(Stored dataset items)

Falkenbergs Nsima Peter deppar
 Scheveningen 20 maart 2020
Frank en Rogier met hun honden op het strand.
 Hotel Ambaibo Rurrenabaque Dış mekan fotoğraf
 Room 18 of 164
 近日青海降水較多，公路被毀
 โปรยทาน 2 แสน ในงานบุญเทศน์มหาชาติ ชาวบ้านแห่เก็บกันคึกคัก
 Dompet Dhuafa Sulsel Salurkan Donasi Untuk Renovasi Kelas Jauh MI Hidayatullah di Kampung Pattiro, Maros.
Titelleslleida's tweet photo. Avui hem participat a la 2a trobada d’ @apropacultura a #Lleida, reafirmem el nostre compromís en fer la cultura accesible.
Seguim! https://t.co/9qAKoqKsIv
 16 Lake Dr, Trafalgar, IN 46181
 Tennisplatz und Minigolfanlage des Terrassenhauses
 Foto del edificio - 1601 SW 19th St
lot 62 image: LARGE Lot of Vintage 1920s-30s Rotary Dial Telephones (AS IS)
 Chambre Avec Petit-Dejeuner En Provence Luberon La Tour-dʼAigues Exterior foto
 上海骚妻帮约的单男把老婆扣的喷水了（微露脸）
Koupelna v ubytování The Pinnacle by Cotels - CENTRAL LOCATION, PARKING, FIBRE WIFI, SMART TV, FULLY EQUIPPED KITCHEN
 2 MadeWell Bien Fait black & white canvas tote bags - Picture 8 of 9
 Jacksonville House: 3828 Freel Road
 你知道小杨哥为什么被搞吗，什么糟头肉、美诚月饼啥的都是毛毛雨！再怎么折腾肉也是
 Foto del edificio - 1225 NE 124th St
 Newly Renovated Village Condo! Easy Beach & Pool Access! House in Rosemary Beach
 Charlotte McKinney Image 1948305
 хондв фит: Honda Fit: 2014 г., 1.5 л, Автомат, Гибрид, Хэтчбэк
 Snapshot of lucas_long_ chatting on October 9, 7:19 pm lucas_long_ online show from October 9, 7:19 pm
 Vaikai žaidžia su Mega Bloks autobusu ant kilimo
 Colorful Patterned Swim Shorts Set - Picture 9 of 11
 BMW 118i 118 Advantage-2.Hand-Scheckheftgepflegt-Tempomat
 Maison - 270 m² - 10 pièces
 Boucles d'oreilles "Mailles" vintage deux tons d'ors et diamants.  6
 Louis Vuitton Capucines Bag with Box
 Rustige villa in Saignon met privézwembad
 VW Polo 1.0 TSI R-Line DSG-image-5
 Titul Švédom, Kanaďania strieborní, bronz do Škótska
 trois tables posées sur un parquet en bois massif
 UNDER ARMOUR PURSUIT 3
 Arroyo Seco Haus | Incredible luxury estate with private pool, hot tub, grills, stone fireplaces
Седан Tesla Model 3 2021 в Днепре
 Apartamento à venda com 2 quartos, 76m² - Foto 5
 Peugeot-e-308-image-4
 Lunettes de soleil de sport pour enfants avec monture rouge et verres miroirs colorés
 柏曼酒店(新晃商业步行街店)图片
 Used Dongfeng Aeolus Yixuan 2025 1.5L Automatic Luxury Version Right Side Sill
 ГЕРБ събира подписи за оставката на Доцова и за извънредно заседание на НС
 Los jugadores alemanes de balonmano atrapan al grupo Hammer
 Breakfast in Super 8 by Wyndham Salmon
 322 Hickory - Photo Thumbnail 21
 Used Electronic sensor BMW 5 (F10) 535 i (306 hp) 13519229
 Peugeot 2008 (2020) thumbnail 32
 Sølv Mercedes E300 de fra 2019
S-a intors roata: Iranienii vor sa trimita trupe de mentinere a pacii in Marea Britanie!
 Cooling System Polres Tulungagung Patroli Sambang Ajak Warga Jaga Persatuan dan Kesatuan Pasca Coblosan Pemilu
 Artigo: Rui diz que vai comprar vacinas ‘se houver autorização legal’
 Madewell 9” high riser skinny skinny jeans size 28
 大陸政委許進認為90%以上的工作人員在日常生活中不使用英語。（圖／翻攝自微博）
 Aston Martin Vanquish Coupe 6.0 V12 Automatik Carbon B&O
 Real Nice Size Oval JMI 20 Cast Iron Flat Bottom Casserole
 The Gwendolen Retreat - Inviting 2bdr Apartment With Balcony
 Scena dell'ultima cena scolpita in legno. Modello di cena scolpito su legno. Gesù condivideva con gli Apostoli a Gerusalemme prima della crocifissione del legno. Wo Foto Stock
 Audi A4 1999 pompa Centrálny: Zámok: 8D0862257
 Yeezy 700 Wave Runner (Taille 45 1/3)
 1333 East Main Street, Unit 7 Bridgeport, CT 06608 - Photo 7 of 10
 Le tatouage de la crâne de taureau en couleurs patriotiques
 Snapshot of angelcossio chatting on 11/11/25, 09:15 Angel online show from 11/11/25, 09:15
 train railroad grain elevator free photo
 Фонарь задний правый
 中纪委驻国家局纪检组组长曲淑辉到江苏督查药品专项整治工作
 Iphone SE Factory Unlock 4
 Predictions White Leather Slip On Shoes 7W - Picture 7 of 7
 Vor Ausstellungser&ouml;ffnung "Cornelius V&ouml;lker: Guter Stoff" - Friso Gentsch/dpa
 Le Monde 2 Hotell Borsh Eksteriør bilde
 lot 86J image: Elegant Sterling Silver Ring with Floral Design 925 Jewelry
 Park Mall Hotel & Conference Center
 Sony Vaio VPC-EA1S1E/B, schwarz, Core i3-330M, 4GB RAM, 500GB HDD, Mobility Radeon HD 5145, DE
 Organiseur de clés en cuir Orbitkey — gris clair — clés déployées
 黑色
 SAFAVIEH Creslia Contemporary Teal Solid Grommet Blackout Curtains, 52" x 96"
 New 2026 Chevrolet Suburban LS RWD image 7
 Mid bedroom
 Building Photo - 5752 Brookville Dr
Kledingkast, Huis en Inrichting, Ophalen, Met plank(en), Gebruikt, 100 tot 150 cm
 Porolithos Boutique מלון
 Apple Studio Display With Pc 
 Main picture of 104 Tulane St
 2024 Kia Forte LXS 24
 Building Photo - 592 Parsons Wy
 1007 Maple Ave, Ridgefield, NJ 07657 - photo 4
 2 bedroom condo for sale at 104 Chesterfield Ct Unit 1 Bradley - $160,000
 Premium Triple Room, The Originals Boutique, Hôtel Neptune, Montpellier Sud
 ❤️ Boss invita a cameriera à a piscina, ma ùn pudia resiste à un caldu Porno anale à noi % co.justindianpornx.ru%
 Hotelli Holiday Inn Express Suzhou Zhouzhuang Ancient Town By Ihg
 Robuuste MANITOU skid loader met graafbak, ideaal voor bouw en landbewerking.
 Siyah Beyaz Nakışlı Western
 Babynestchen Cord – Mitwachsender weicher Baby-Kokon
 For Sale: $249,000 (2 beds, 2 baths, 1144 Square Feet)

▶ [YOUR INSTRUCTIONS] Your answer must be the records themselves, output again exactly.

▶ [SOLUTION FOR THIS EXERCISE]
Falkenbergs Nsima Peter deppar
 Scheveningen 20 maart 2020
Frank en Rogier met hun honden op het strand.
 Hotel Ambaibo Rurrenabaque Dış mekan fotoğraf
 Room 18 of 164
 近日青海降水較多，公路被毀
 โปรยทาน 2 แสน ในงานบุญเทศน์มหาชาติ ชาวบ้านแห่เก็บกันคึกคัก
 Dompet Dhuafa Sulsel Salurkan Donasi Untuk Renovasi Kelas Jauh MI Hidayatullah di Kampung Pattiro, Maros.
Titelleslleida's tweet photo. Avui hem participat a la 2a trobada d’ @apropacultura a #Lleida, reafirmem el nostre compromís en fer la cultura accesible.
Seguim! https://t.co/9qAKoqKsIv
 16 Lake Dr, Trafalgar, IN 46181
 Tennisplatz und Minigolfanlage des Terrassenhauses
 Foto del edificio - 1601 SW 19th St
lot 62 image: LARGE Lot of Vintage 1920s-30s Rotary Dial Telephones (AS IS)
 Chambre Avec Petit-Dejeuner En Provence Luberon La Tour-dʼAigues Exterior foto
 上海骚妻帮约的单男把老婆扣的喷水了（微露脸）
Koupelna v ubytování The Pinnacle by Cotels - CENTRAL LOCATION, PARKING, FIBRE WIFI, SMART TV, FULLY EQUIPPED KITCHEN
 2 MadeWell Bien Fait black & white canvas tote bags - Picture 8 of 9
 Jacksonville House: 3828 Freel Road
 你知道小杨哥为什么被搞吗，什么糟头肉、美诚月饼啥的都是毛毛雨！再怎么折腾肉也是
 Foto del edificio - 1225 NE 124th St
 Newly Renovated Village Condo! Easy Beach & Pool Access! House in Rosemary Beach
 Charlotte McKinney Image 1948305
 хондв фит: Honda Fit: 2014 г., 1.5 л, Автомат, Гибрид, Хэтчбэк
 Snapshot of lucas_long_ chatting on October 9, 7:19 pm lucas_long_ online show from October 9, 7:19 pm
 Vaikai žaidžia su Mega Bloks autobusu ant kilimo
 Colorful Patterned Swim Shorts Set - Picture 9 of 11
 BMW 118i 118 Advantage-2.Hand-Scheckheftgepflegt-Tempomat
 Maison - 270 m² - 10 pièces
 Boucles d'oreilles "Mailles" vintage deux tons d'ors et diamants.  6
 Louis Vuitton Capucines Bag with Box
 Rustige villa in Saignon met privézwembad
 VW Polo 1.0 TSI R-Line DSG-image-5
 Titul Švédom, Kanaďania strieborní, bronz do Škótska
 trois tables posées sur un parquet en bois massif
 UNDER ARMOUR PURSUIT 3
 Arroyo Seco Haus | Incredible luxury estate with private pool, hot tub, grills, stone fireplaces
Седан Tesla Model 3 2021 в Днепре
 Apartamento à venda com 2 quartos, 76m² - Foto 5
 Peugeot-e-308-image-4
 Lunettes de soleil de sport pour enfants avec monture rouge et verres miroirs colorés
 柏曼酒店(新晃商业步行街店)图片
 Used Dongfeng Aeolus Yixuan 2025 1.5L Automatic Luxury Version Right Side Sill
 ГЕРБ събира подписи за оставката на Доцова и за извънредно заседание на НС
 Los jugadores alemanes de balonmano atrapan al grupo Hammer
 Breakfast in Super 8 by Wyndham Salmon
 322 Hickory - Photo Thumbnail 21
 Used Electronic sensor BMW 5 (F10) 535 i (306 hp) 13519229
 Peugeot 2008 (2020) thumbnail 32
 Sølv Mercedes E300 de fra 2019
S-a intors roata: Iranienii vor sa trimita trupe de mentinere a pacii in Marea Britanie!
 Cooling System Polres Tulungagung Patroli Sambang Ajak Warga Jaga Persatuan dan Kesatuan Pasca Coblosan Pemilu
 Artigo: Rui diz que vai comprar vacinas ‘se houver autorização legal’
 Madewell 9” high riser skinny skinny jeans size 28
 大陸政委許進認為90%以上的工作人員在日常生活中不使用英語。（圖／翻攝自微博）
 Aston Martin Vanquish Coupe 6.0 V12 Automatik Carbon B&O
 Real Nice Size Oval JMI 20 Cast Iron Flat Bottom Casserole
 The Gwendolen Retreat - Inviting 2bdr Apartment With Balcony
 Scena dell'ultima cena scolpita in legno. Modello di cena scolpito su legno. Gesù condivideva con gli Apostoli a Gerusalemme prima della crocifissione del legno. Wo Foto Stock
 Audi A4 1999 pompa Centrálny: Zámok: 8D0862257
 Yeezy 700 Wave Runner (Taille 45 1/3)
 1333 East Main Street, Unit 7 Bridgeport, CT 06608 - Photo 7 of 10
 Le tatouage de la crâne de taureau en couleurs patriotiques
 Snapshot of angelcossio chatting on 11/11/25, 09:15 Angel online show from 11/11/25, 09:15
 train railroad grain elevator free photo
 Фонарь задний правый
 中纪委驻国家局纪检组组长曲淑辉到江苏督查药品专项整治工作
 Iphone SE Factory Unlock 4
 Predictions White Leather Slip On Shoes 7W - Picture 7 of 7
 Vor Ausstellungser&ouml;ffnung "Cornelius V&ouml;lker: Guter Stoff" - Friso Gentsch/dpa
 Le Monde 2 Hotell Borsh Eksteriør bilde
 lot 86J image: Elegant Sterling Silver Ring with Floral Design 925 Jewelry
 Park Mall Hotel & Conference Center
 Sony Vaio VPC-EA1S1E/B, schwarz, Core i3-330M, 4GB RAM, 500GB HDD, Mobility Radeon HD 5145, DE
 Organiseur de clés en cuir Orbitkey — gris clair — clés déployées
 黑色
 SAFAVIEH Creslia Contemporary Teal Solid Grommet Blackout Curtains, 52" x 96"
 New 2026 Chevrolet Suburban LS RWD image 7
 Mid bedroom
 Building Photo - 5752 Brookville Dr
Kledingkast, Huis en Inrichting, Ophalen, Met plank(en), Gebruikt, 100 tot 150 cm
 Porolithos Boutique מלון
 Apple Studio Display With Pc 
 Main picture of 104 Tulane St
 2024 Kia Forte LXS 24
 Building Photo - 592 Parsons Wy
 1007 Maple Ave, Ridgefield, NJ 07657 - photo 4
 2 bedroom condo for sale at 104 Chesterfield Ct Unit 1 Bradley - $160,000
 Premium Triple Room, The Originals Boutique, Hôtel Neptune, Montpellier Sud
 ❤️ Boss invita a cameriera à a piscina, ma ùn pudia resiste à un caldu Porno anale à noi % co.justindianpornx.ru%
 Hotelli Holiday Inn Express Suzhou Zhouzhuang Ancient Town By Ihg
 Robuuste MANITOU skid loader met graafbak, ideaal voor bouw en landbewerking.
 Siyah Beyaz Nakışlı Western
 Babynestchen Cord – Mitwachsender weicher Baby-Kokon
 For Sale: $249,000 (2 beds, 2 baths, 1144 Square Feet)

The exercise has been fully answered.